The Larson case’s political-campaign plotline, which was probably meant to make the murder case (and the show) seem more important, was usually the weakest (and vaguest) thing about it. Season three’s murder case casts Linden into the world of homeless street kids, children who have gone on the run from the unendurable into the unimaginable and are renting their bodies out for food money. It makes for a better fit. Bex Taylor-Klaus plays Bullet, a tough little lesbian who Holder—and the viewer—first mistakes for a boy. Bullet maintains a hard, threatening façade, but when Lyric (Julia Sarah Stone), the girl she has a crush on, sits down next to her, Bullet reverts to a confused, emotionally vulnerable little kid and, doing her best to make interesting small talk, blurts out, “A giraffe’s got four stomachs!” Bullet’s best friend is Kallie (Cate Sproule), a 14-year-old who still has access to some kind of home life, though the brief glimpse we get of it serves to explain why anyone might prefer the warm, welcoming scene down at the homeless shelter. Kallie and her mother (Amy Seimetz) have a scene in which they tentatively bond over cosmetics (“Pink is our color.”) before Mom brings up the subject of her boyfriend, who sounds like a peach. “When are you going to learn to watch your mouth?” she says. “Show him some respect? You know, he told me what you said about his truck!”

When Holder and Bullet are sparring with each other, their poses mesh in a way that’s fun to watch, and funny. More than ever, The Killing can use whatever humor it can get. (I also love the scene in which Reddick comes back to the office after picking up lunch at some burger joint and Holder has to remind him that he’s on a health kick and doesn’t eat meat. “Got you fries,” Reddick shrugs.) The most regular breaks from the raw, heartbreaking homeless culture of the street kids are the scenes in the death house, where Sarsgaard’s Ray Seward, the man Linden and Skinner put away for murdering his wife, is making life difficult for his future executioners by insisting that he die by hanging instead of lethal injection, and summoning the chaplain for a conversation that begins with the announcement, “I don’t believe in Jesus and all that shit, so you can leave it alone,” and goes downhill from there.

It’s hard for a show that’s perceived as having outlived its sell-by date to get a second chance with viewers. It took nerve for the makers of The Killing to go this dark after winning a third season by the skin of their teeth, but towards the end of its second hour, tonight’s premiere veers close to going even darker than the material and milieu can justify. (Auteur alert: The second half was directed by Lodge Kerrigan, whose movies Clean, Shaven and Keane were both attempts to express the disordered mental state of unstable men dangerously obsessed with little girls.
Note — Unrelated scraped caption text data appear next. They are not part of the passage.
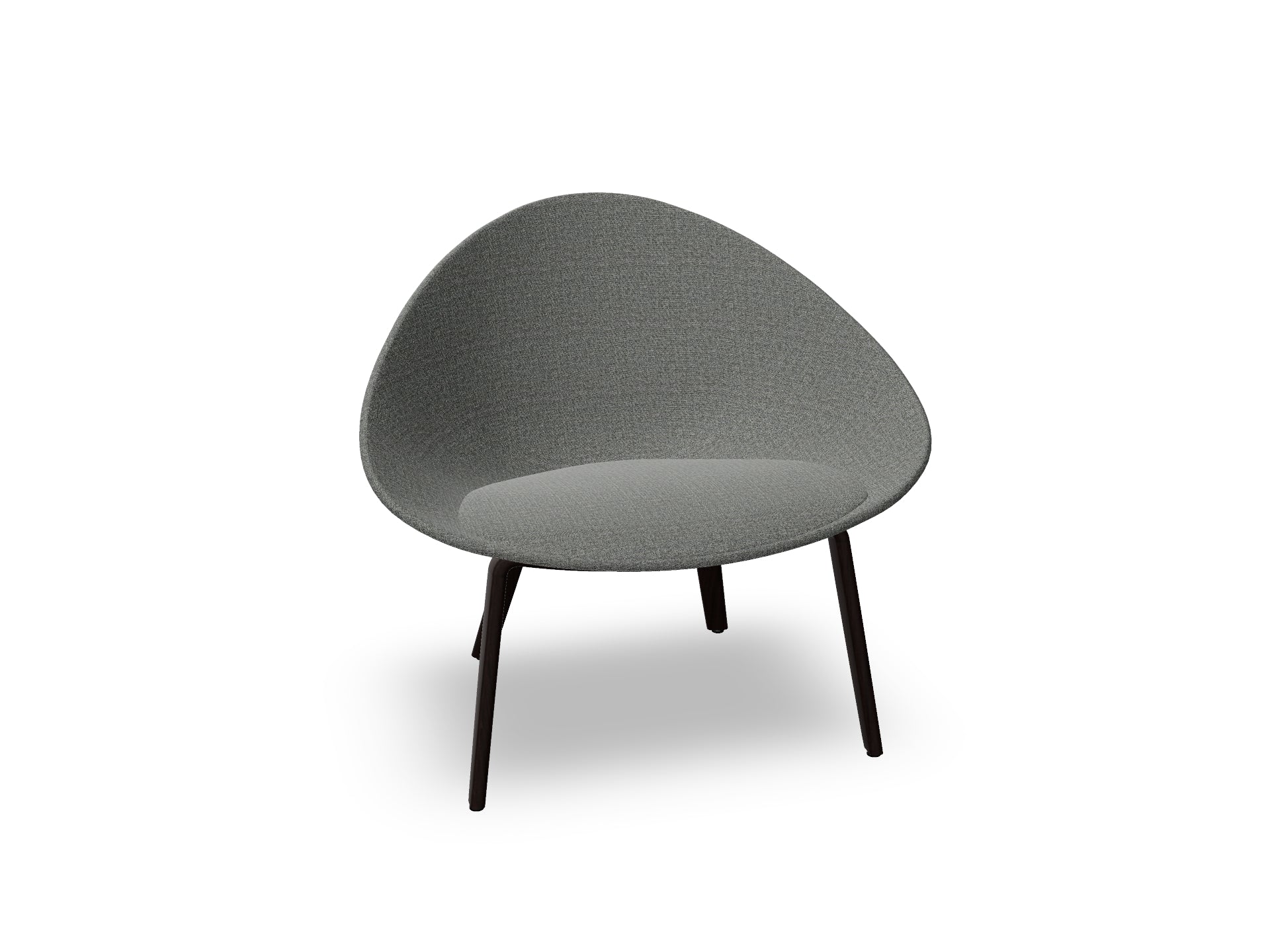 Adell 4 Leg Wood Lounge Chair With Fully Upholstered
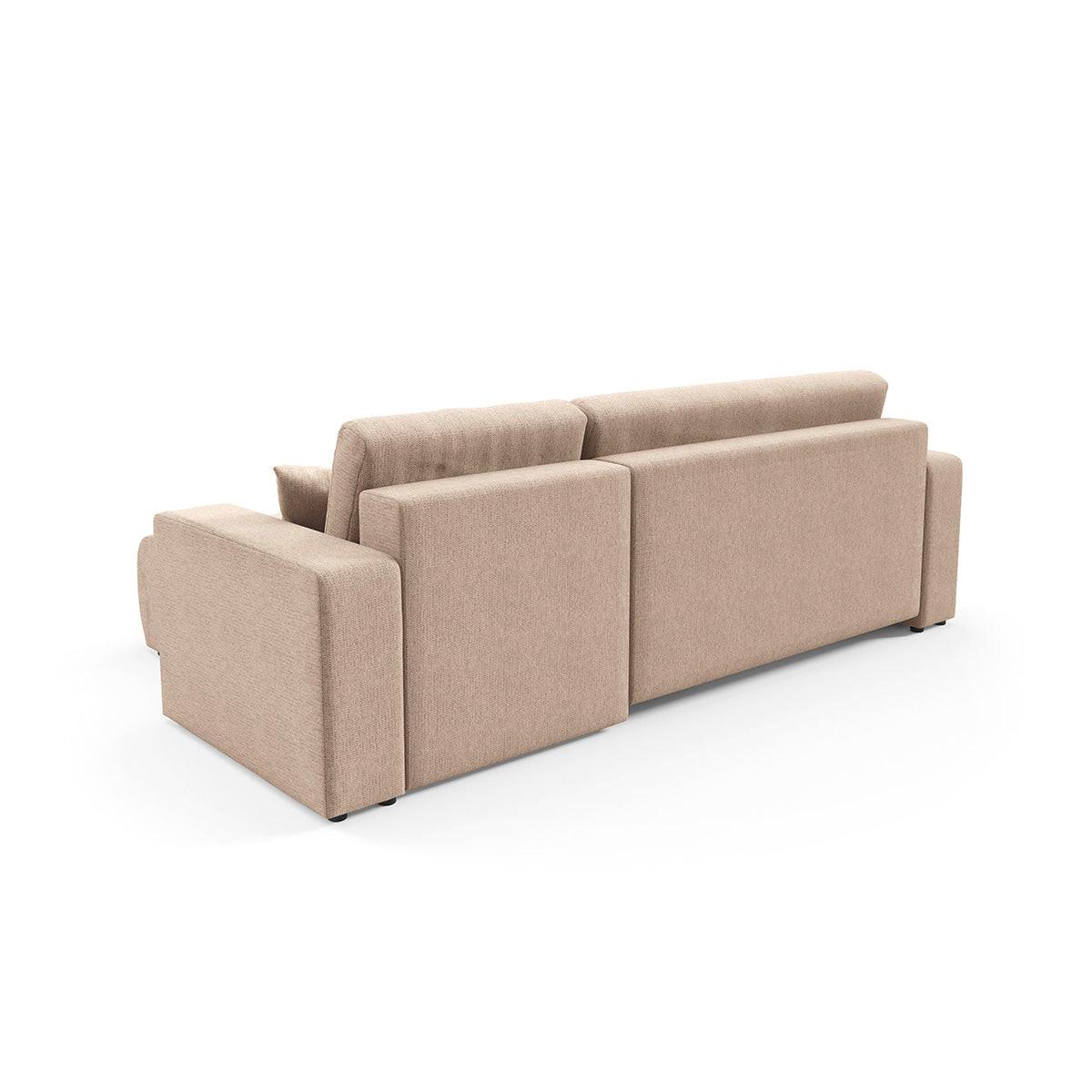 ECKSOFA Vasco 3 Sitzplätze Beige - Beige, Holz (247/145cm) - Petits-meubles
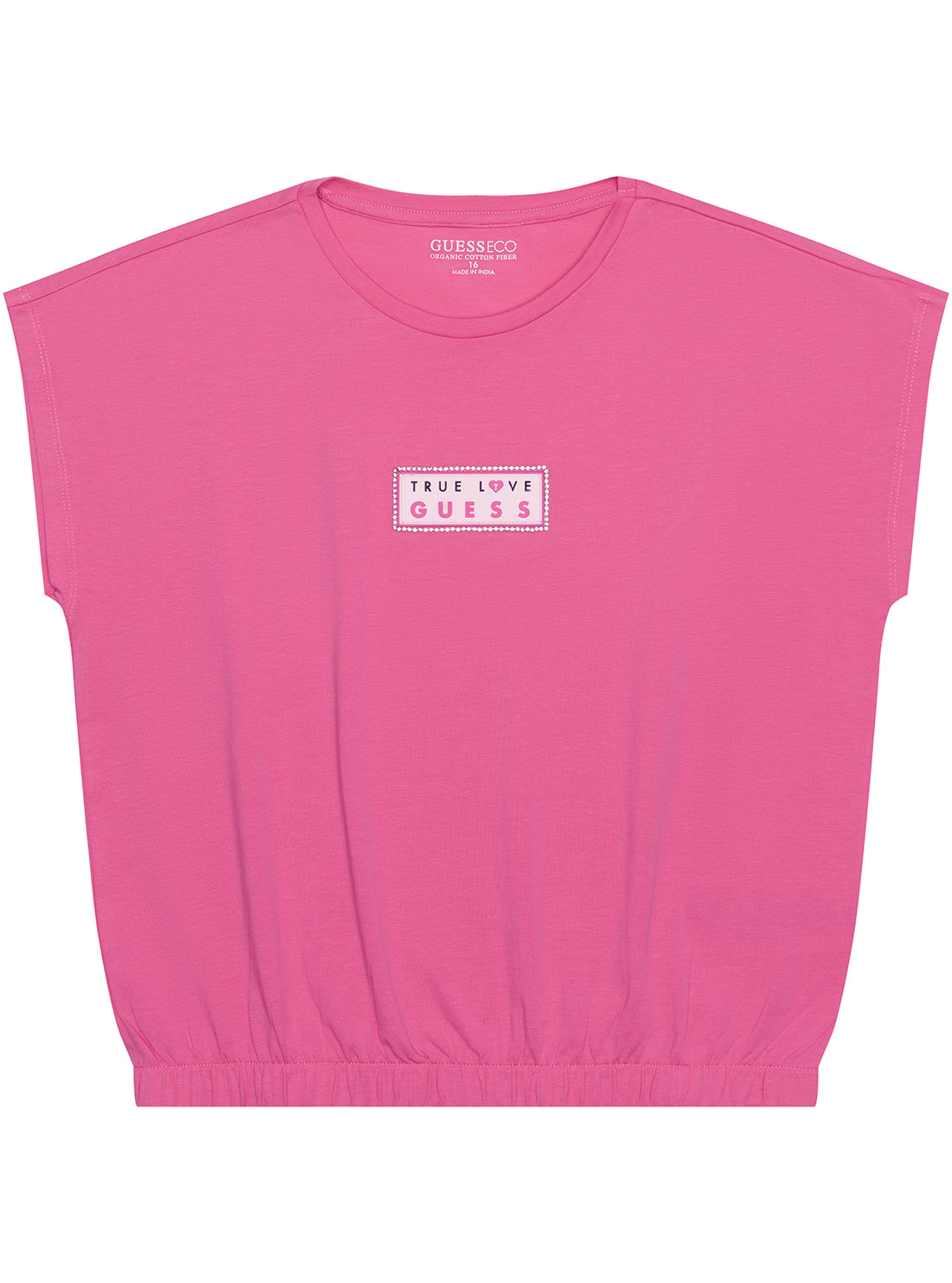 Bright Pink Short Sleeve T-Shirt for Girls (Size 7-16) - Soft Cotton Casual Tee for School, Playdates & Summer Outfits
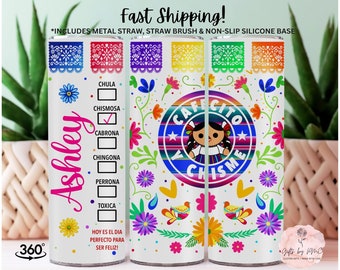 Personalized, Cafecito 20oz Tumbler, Best Friend gift, Christmas Gift, and Chisme, Grandma Gift, Mom Gift, Fast Shipping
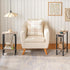 2-Tier BG240UBZ01 HOOBRO Narrow Side Table, Slim End Table with Charging Station, Skinny Nightstand with Open Storage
Peter Sarsgaard starred in Kerrigan’s unreleased Steven Soderbergh-produced film In God’s Hands, about the effect of a child abduction on a family.) A New York Times reviewer even suggests that viewers thinking about checking out the new season when the episodes come to Netflix watch Spiral instead, because the French locations are so much prettier. The show continues to be both visually entrancing and rich in mood, but when Jewel Staite turns up for a couple of minutes of screen time as Holder’s new girlfriend (Dude! Where did you buy that suit!?), it’s like the clouds finally parting after a week of rain. As a set-up for a murder thriller and 10-week tour of the lower depths, it’s awfully compelling, though, and the complaints I’ve been reading that the show stands revealed as “just” a well-made police procedural fall on dead ears among those of us who haven't fully recovered yet from the cancellation of Southland. Viewers who were already planning to tune in to AMC tonight for Don Draper’s latest pouting session may find it a worthwhile contrast to spend some time with characters who actually have good reason to feel miserable.

Stray observations:

  • Grace Zabriskie, who played Laura Palmer’s mother, turns up in a small role as the minimally helpful clerk at a no-tell motel. The Killing may have moved past its Twin Peaks fixation, but you never get over your first love.